Use broad intent targeting when you want to learn, expand, and capture hidden query variations. This is ideal for discovering conversational searches, adjacent service terms, problem-based searches, and new audience segments. It is also where AI Max fits naturally, because the system is designed to match beyond your visible keyword list and optimize toward conversions using broader relevance signals.

On the SEO side, apply the same logic. Create phrase-focused pages when the topic maps to a clear commercial need, such as a service page, product page, or local landing page. Create broad-intent content when users are researching, comparing, diagnosing a problem, or exploring options.
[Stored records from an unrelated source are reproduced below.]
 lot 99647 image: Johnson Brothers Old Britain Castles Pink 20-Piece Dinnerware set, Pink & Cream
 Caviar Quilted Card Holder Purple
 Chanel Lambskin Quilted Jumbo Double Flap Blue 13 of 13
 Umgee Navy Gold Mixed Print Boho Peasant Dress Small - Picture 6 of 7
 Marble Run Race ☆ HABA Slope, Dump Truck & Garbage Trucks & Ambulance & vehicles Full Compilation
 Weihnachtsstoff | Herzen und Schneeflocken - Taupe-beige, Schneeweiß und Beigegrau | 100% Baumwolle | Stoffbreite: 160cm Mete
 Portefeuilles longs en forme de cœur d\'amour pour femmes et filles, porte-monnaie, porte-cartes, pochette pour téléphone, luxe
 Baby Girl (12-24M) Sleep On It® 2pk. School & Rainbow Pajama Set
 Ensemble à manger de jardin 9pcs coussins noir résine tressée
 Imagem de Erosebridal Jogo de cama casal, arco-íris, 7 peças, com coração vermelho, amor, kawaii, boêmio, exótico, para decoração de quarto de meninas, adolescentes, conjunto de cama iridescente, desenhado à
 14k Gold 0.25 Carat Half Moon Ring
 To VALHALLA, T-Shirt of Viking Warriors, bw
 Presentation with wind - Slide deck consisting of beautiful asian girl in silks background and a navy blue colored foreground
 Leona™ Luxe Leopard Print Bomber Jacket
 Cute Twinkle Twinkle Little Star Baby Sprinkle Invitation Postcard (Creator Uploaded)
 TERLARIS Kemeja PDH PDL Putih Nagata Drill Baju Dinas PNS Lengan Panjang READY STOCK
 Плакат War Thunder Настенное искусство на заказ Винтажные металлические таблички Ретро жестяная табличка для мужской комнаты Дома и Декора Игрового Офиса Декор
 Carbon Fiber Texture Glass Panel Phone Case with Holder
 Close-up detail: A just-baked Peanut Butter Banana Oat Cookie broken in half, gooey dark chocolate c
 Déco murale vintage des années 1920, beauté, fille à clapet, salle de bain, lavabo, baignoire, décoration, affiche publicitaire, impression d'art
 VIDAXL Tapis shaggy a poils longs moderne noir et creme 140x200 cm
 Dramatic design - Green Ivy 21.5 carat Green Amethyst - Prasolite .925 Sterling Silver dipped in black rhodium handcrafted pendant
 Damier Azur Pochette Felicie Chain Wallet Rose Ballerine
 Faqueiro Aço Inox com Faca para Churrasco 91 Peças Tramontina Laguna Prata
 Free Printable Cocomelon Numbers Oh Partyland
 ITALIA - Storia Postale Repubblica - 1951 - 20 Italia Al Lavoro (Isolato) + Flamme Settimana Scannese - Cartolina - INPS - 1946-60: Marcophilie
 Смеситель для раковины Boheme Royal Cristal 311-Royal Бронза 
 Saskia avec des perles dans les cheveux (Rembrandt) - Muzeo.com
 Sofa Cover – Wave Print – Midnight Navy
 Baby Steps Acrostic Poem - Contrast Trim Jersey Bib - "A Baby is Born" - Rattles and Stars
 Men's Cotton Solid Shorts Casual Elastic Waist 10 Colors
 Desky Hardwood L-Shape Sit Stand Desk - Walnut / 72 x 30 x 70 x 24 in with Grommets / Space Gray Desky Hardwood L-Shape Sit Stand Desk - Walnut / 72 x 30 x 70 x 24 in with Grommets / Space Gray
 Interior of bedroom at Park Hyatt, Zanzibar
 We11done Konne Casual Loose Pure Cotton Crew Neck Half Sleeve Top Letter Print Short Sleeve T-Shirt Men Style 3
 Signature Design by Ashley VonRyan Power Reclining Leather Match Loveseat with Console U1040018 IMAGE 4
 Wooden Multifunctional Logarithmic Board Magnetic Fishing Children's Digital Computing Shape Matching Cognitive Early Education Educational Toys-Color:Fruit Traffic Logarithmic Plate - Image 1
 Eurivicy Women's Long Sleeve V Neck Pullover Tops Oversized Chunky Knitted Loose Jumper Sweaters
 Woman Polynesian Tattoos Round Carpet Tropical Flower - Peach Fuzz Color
That includes tutorials, “how to choose” articles, comparisons, FAQs, and local guides. In other words, your paid and unpaid strategy should mirror the search journey rather than forcing every term into one channel or one match style.

A practical workflow for bloggers and small business owners

Start by separating your keyword list into two buckets: controlled conversion phrases and broad intent themes. In the first bucket, place keywords that show direct buying or lead intent, such as “hire,” “buy,” “near me,” “cost,” “quote,” or branded service terms. In the second bucket, group informational, problem-aware, and exploratory searches into themes rather than obsessing over every variation.

Next, build your paid search structure around those buckets. Keep phrase and exact match active for your most proven commercial terms, especially if budget is limited or lead quality is sensitive. Then test broad match or AI Max in separate campaigns or clearly segmented ad groups where you can evaluate incremental conversions, search term quality, and landing-page fit. Use negative keywords, geographic filters, and conversion tracking to keep the test disciplined.

For SEO, create content clusters that support both ends of the funnel. Pair transactional pages with supportive informational content that answers related questions and builds authority around the theme. If you run a local business, connect service pages with location pages, FAQs, case studies, and practical blog posts. This approach helps you balance paid bids and unpaid visibility more effectively because you are covering both direct-response terms and broad discovery intent without relying on a single tactic.

The future of search is not keywordless, but it is less dependent on rigid keyword control than it used to be. Google is clearly moving advertisers toward broader, AI-assisted matching, while AI Overviews are reshaping how unpaid visibility is earned for informational queries. That does not mean phrase targeting is obsolete. It means the role of phrase targeting is becoming more specialized: best for precision, protection, and proven conversion demand.

If you want a practical rule to follow, use phrases when control matters more than scale, and use broad intent when discovery matters more than certainty. For most bloggers, creators, SEO beginners, and small business owners, the winning strategy is a hybrid one. Keep your high-intent phrases tightly managed, build themed campaigns and content for broader demand, and measure both channels together. That is how to balance paid bids and unpaid visibility in the AI era without losing focus on results.